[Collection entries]
--------
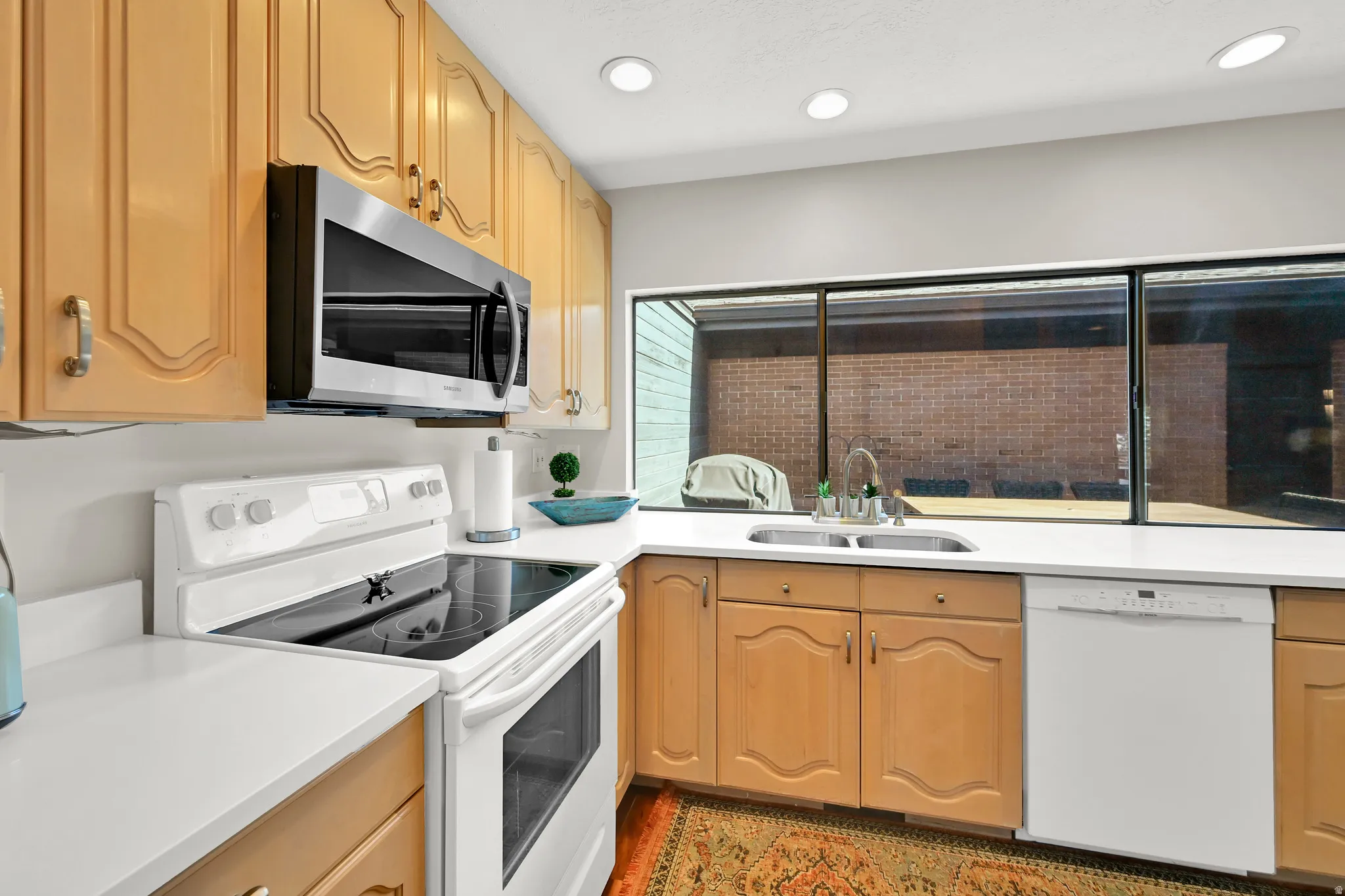Kitchen featuring wood cabinetry, white countertops, stainless steel microwave, white electric range, and a dual-basin stainless steel sink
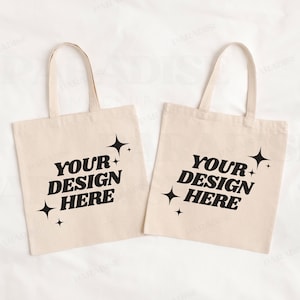 May include: Two white canvas tote bags with black handles. Both bags have the text "YOUR DESIGN HERE" printed in a retro font with small stars around the text.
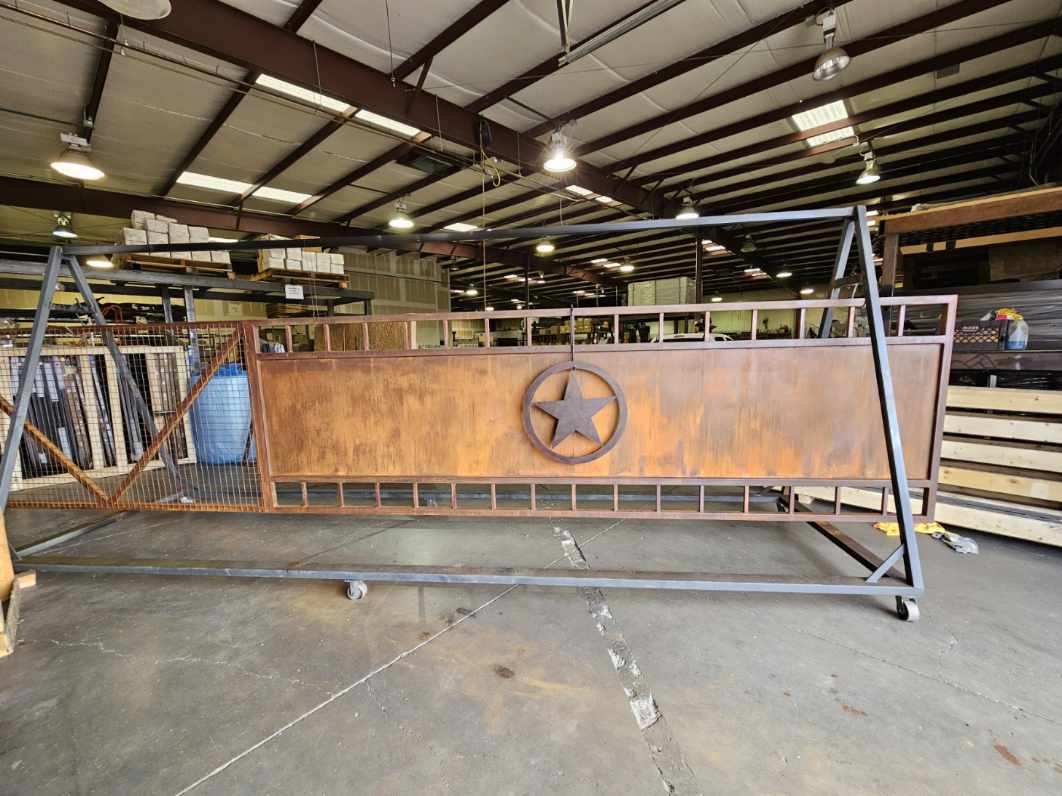 rust tone metal driveway gate in factory with large circled star applied to center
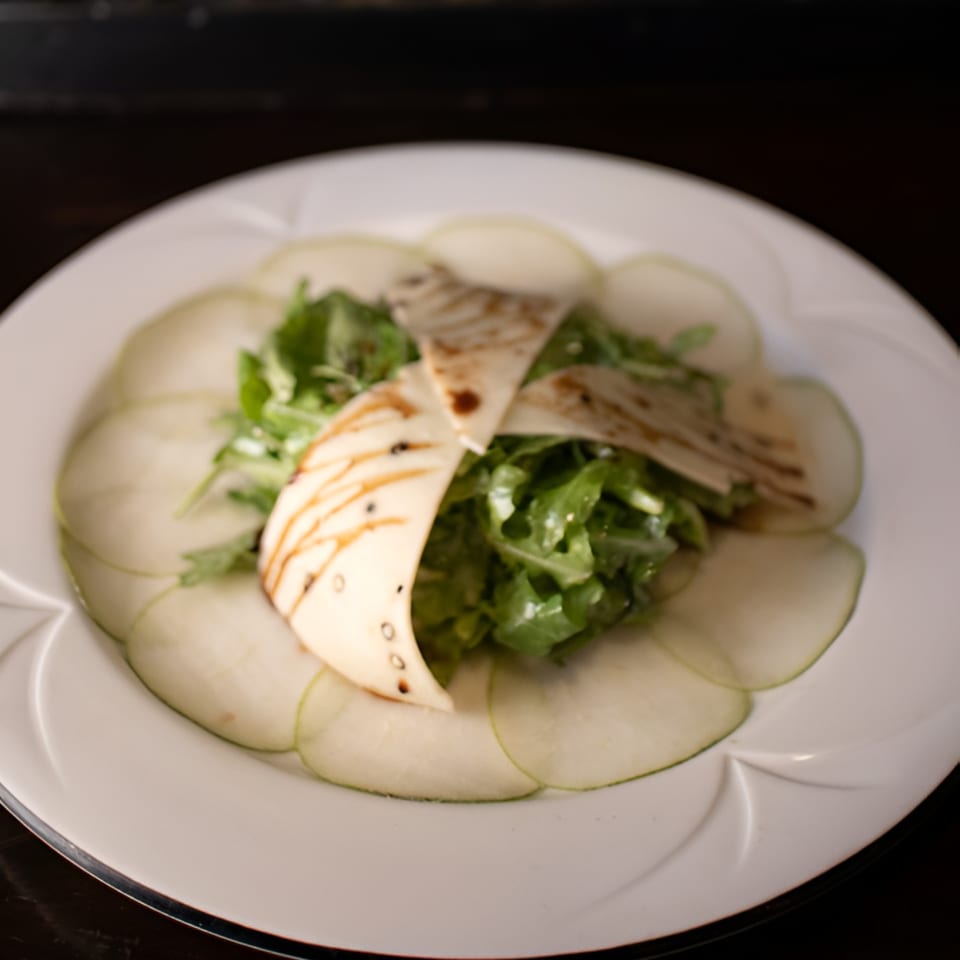 A white plate with thinly sliced green apples, arugula salad, and grilled halloumi cheese.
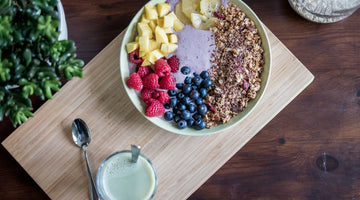 An overhead view of several superfoods in a bowl with a glass of camel milk on the side. These items are on top of wood block.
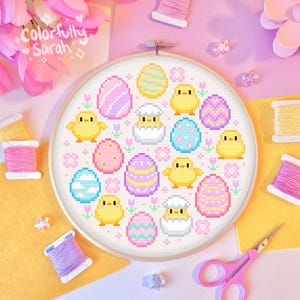 Könnte beinhalten: Ein Kreuzstichmuster mit einem farbenfrohen Osterdesign mit Küken und Eiern. Das Muster ist in einem weißen Stickrahmen mit Holzrahmen dargestellt.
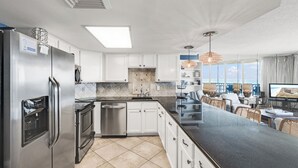 Una cocina moderna con armarios blancos, electrodomésticos de acero inoxidable y una isla grande.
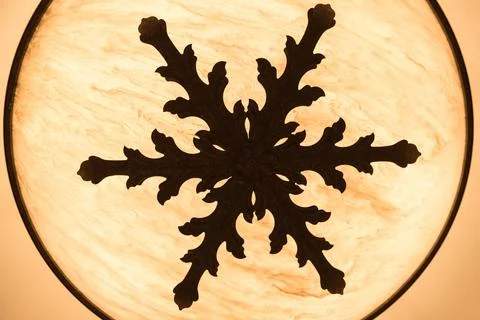 Snow flake pattern on a ceiling lamp Stock Photos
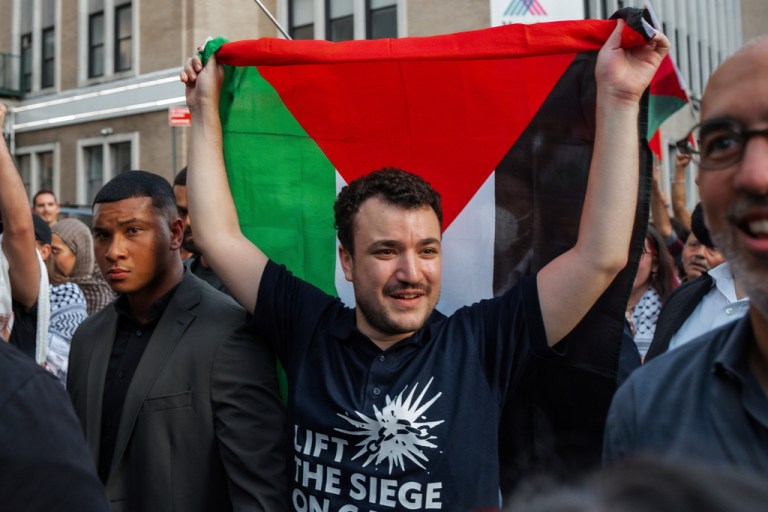 Pro-Palestinian activist Mahmoud Khalil carries a Palestinian flag during a rally celebrating his return from immigration detention, Sunday, June 22, 2025, in New York.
--------
What is needed is an exact repetition of every line from the line with "Una cocina moderna" to the end of the data above, both ends included, with no pictures.

● Solution to this problem:
 Una cocina moderna con armarios blancos, electrodomésticos de acero inoxidable y una isla grande.
 Snow flake pattern on a ceiling lamp Stock Photos
 Pro-Palestinian activist Mahmoud Khalil carries a Palestinian flag during a rally celebrating his return from immigration detention, Sunday, June 22, 2025, in New York.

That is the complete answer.